Literature studies correlating polymorphisms in the IRAK4 gene with chronic maxillary sinusitis or even with maxillary sinusitis of odontogenic origin are scarce [2, 14]. However, the genome role importance in this disease has been increasingly evident and some studies even point to a relationship, as is the case of Zhang’s (2011) study. The latter reported that the haplotype analysis GCCTGCGA was significantly associated with allergic rhinitis [14].

Another study proposed a genetic predisposition to chronic sinusitis in the Japanese population, concluding that there was an association between TNF-β gene polymorphism and chronic sinusitis [37].

The work performed by Sutherland and co-workers was the first report of an association of IRAK4 gene polymorphisms with the prevalence and type of bacterial cultures in a cohort of critically ill patients, supported by mechanistic evidence of decreased cellular immune response to TLR ligands. Their finding that the IRAK4 C/T/A clade was associated with decreased lymphoblastoid cell immune response to CpG dinucleotide (CpG—shorthand for “—C—phosphate—G—”, cytosine and guanine are separated by only one phosphate) and with a trend to decreased immune response to LPS in IDFs transfected with the IRAK4 expression plasmid carrying the 29429A allele suggests that the replacement of Ala428 with a threonine decreases the cellular response to TLR ligands, perhaps impairing the host’s ability to clear an infection [13]. Before that, Picard et al. proposed thatIRAK4 deficiencies predispose patients to recurrent life-threatening bacterial diseases, such as invasive pneumococcal disease, in infancy and early childhood, with weak signs of inflammation. This deficiency was associated with the innate immune response with time; hence, it is no longer so recurrent and fatal [38].

These results, together with the knowledge that the oral flora responsible for odontogenic infections is the same implicated in odontogenic maxillary sinusitis (that is, mixed aerobic and anaerobic flora), lead one to think about the high risk that maxillary sinus is exposed to, after insult with a bacteria-laden displaced tooth root [10]. Add to this, genetic susceptibility to developing infections by Gram-positive bacteria, in the presence of that specific gene polymorphism. So, the whole scene increases the likelihood of developing maxillary sinus pathology, with exacerbated symptoms and characteristics. Perhaps, this IRAK4 gene polymorphism may amplify the response of the innate immunity to Gram-positive bacteria, thus increasing the cytokines production and leading to a more severe inflammatory state of the nasal/sinus mucosa. Hence, our study may be give rise to an initial tool (decision model), to be improved in order to help the diagnosis and the therapeutic decisions in such or similar cases.

Demonstration of a genetic association does not prove causality, which must be established by subsequent experiments showing the altered function of the gene and mechanistic impact in the disease.

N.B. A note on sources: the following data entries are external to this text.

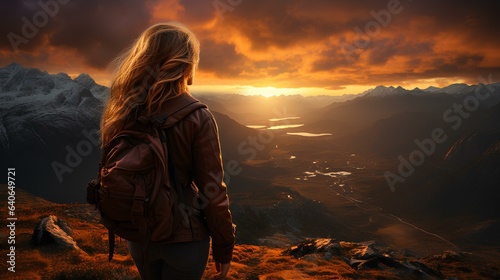 A woman stands on a mountain ledge with her back to the lens against the backdrop of a mountain landscape and sunset. Generative AI.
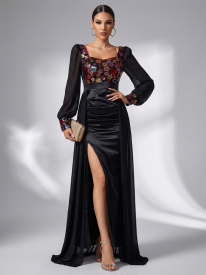 Long Sleeve Floral Sequin Draped Prom Dress SL30076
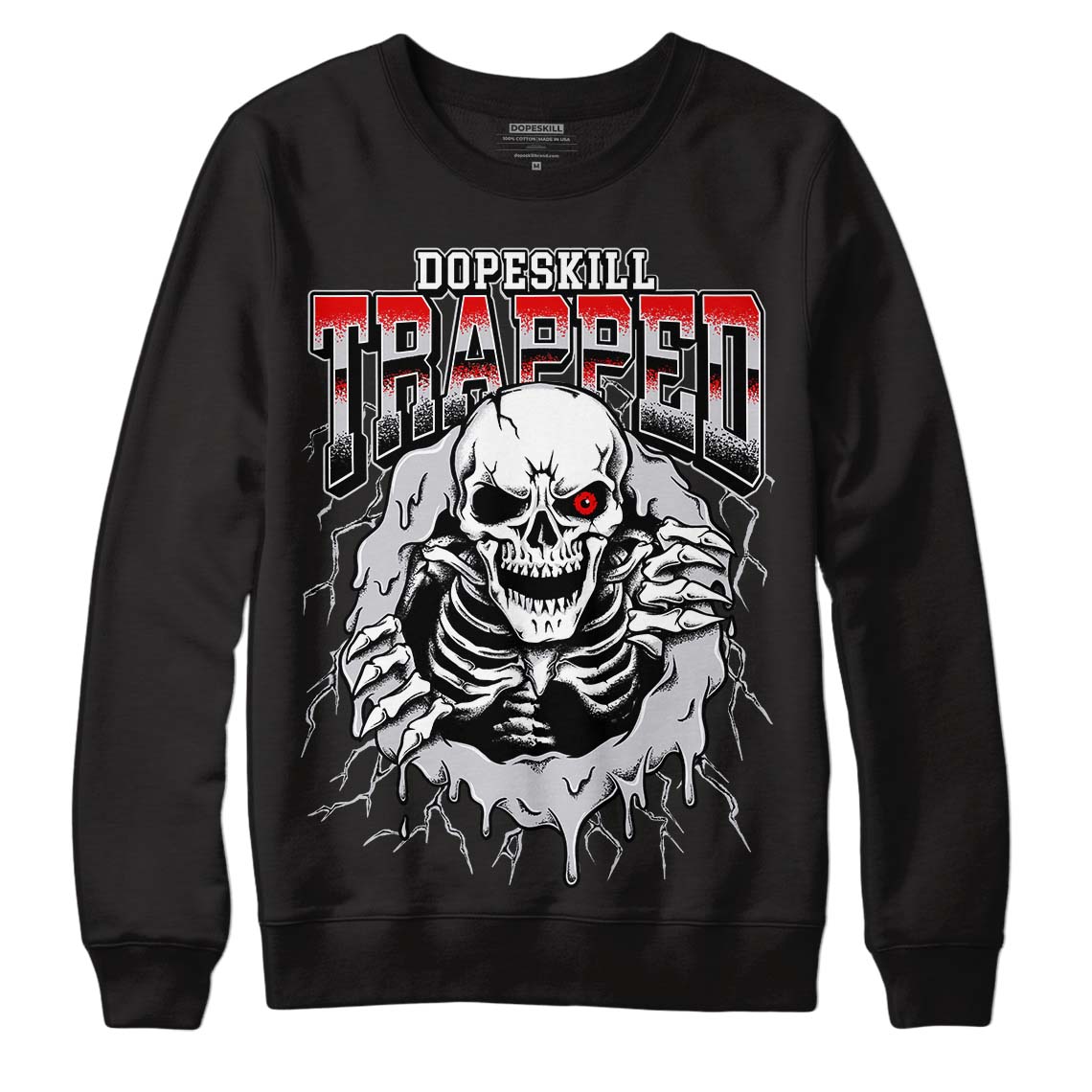 Jordan 2 Retro "Black Cement" DopeSkill Sweatshirt Trapped Halloween Graphic Streetwear - Black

Besides this, we conclude that the constructed model could be an initial primitive clinical tool. We are conscientious that chronic diseases are the result of the interaction of several factors. Most of them are even very distant from our assessment. However, if the general dentists and oral surgeons could have improved models, based on the primitive one we presented, probably it could assist in the diagnosis and treatment decision concerning procedures involving maxillary sinus. We emphasize that this primitive model obtained good results by the ROC curve analysis, but this does not mean that they are valid in any population. Thus, we consider that more studies are needed, with more risk factors, with other genes, in other populations, in order to construct more complete decision models, with better representativeness. The present work is only a primitive starting point.